When I was a fourteen-year-old student over sixty years ago at the famous Charterhouse School at Godalming, Surrey, I stumbled across the work of a mystery architect who designed in the style of Christopher Wren. With help from leading British architectural historians John Cornforth and Giles Worsley, I found that the mystery architect was Elizabeth Mytton, Lady Thomas Wilbraham (1632-1705) – the world’s first woman architect. If she had been a man, she would be more famous than Christopher Wren, who was in fact her star student. Elizabeth had been trained in quick succession during her extended honeymoon at age nineteen by Pieter Post in Amsterdam, Baldassare Longhena in Venice, and Gian-Lorenzo Bernini in Rome, and on her trip to Italy she stopped to be greatly influenced by the 1536 Italian-designed Stadtresidenz at Landshut, Germany.
She had been told by everyone that it was illegal under English law for women to practice architecture, so she was very careful not to leave behind any piece of documentary paper that could serve to convict her. That is why she is so little known today, and many of her buildings are falsely attributed to others. As it happened, there was no such statute on the books outlawing women as architects, but because everyone thought there was, it had just the same effect as if it were true.
She managed to be asked by Charles II to design a number of important buildings, including the 1662 addition to Somerset House for Charles’ mother, the French-born Henriette-Marie, and that building contained the first ever sash windows in the British Isles, which means that she introduced the sash window to Britain, although no one really knows in which country it originated. It also had England’s first Italian-style chimneys, which is proof that its designer had visited Italy and Landshut.
One of the many public buildings that Elizabeth Wilbraham was asked to design in the 1680s was the Guildhall at Windsor.

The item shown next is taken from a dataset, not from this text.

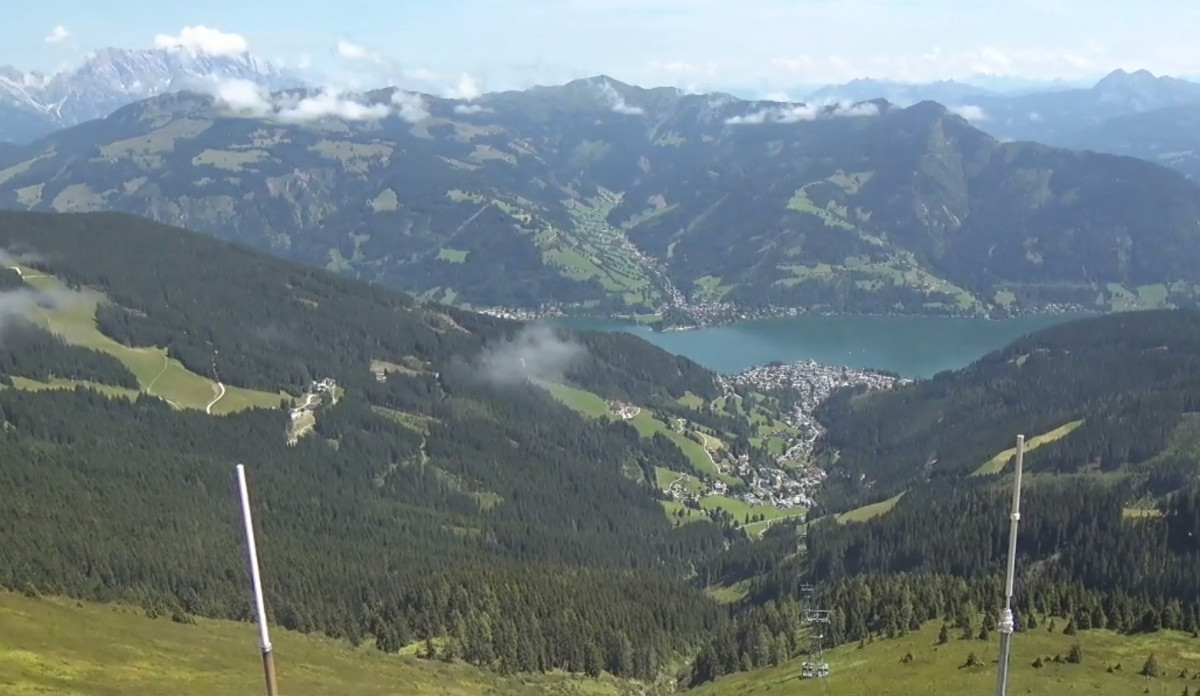 Austria, Zell am See, Schmittenhöhe Summit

The intention was that the ground floor of the building should serve as the area’s produce market, surrounded by an elegant arcade, as shown in an early painting (much later, the arches were replaced by columns that look rather out of place). The large room upstairs over the market was a multi-purpose room, where the town council could meet, and where the courts could hold sessions, and where English Country Dance assemblies and concerts or even small theatrical plays could be held. Wilbraham apparently calculated carefully how strong the floor timbers needed to be in order to support the upstairs room for any conceivable activities to be held there.
Since Wilbraham could not be seen to be supervising construction, she arranged to place in overall charge of the project Sir Thomas Fitch of London, whom she had engaged on several previous occasions (and she in turn had designed a handsome mansion for him on the Thames, not far from the outflow of the River Fleet). Most people believed that Fitch had been the architect of the building, because he had been the one to present Elizabeth’s plans to the city authorities.
Construction began in 1687. When Fitch unfortunately died in 1689, the building was approximately 95% complete. However, the city fathers panicked when they learned of Fitch’s death. They approached Sir Christopher Wren and told him that since he had been born in Windsor he owed it to the city to see the construction through to the end.
Wren was rather annoyed, and pointed out that the workmen all knew what they were supposed to do in order to finish it; that he knew the architect well and had complete confidence in the architect’s abilities. Then it transpired that the city fathers were actually terrified lest the upper room crash through down into the market, and all of the platitudes that Wren could muster would not assuage them. They ordered him to place eight columns in the market under the middle of the upper room, so he did just as they demanded; the cost of the columns was met by omitting the planned cupola that would have contained a public clock and a bell.
However, in the nineteenth century, workmen were hired to paint the columns. One of the painters, standing near the top of his ladder, is reported to have exclaimed, “’ere! Look at this! There’s a two-inch gap between the tops of the columns and the underside of the upper room!” Of course, as soon as they learned about the gaps, the authorities ordered the gaps to be filled in with wedges and tiles, which is how matters stand today.
So, Wren and Wilbraham had the last laugh, although of course they were no longeralive to watch the punch-line unfold.
Alas, the original building with its arcade was a lot more attractive than the present building with is columns all around, but since it is a Grade-I Listed Building it is doubtful that permission could ever be obtained to return it to the original appearance as laid out in a period painting. HRH Prince Charles married Camilla in the building in 2005. Could it be possible that the architecturally sensitive Prince of Wales could be persuaded to lend his authority towards a complete restoration?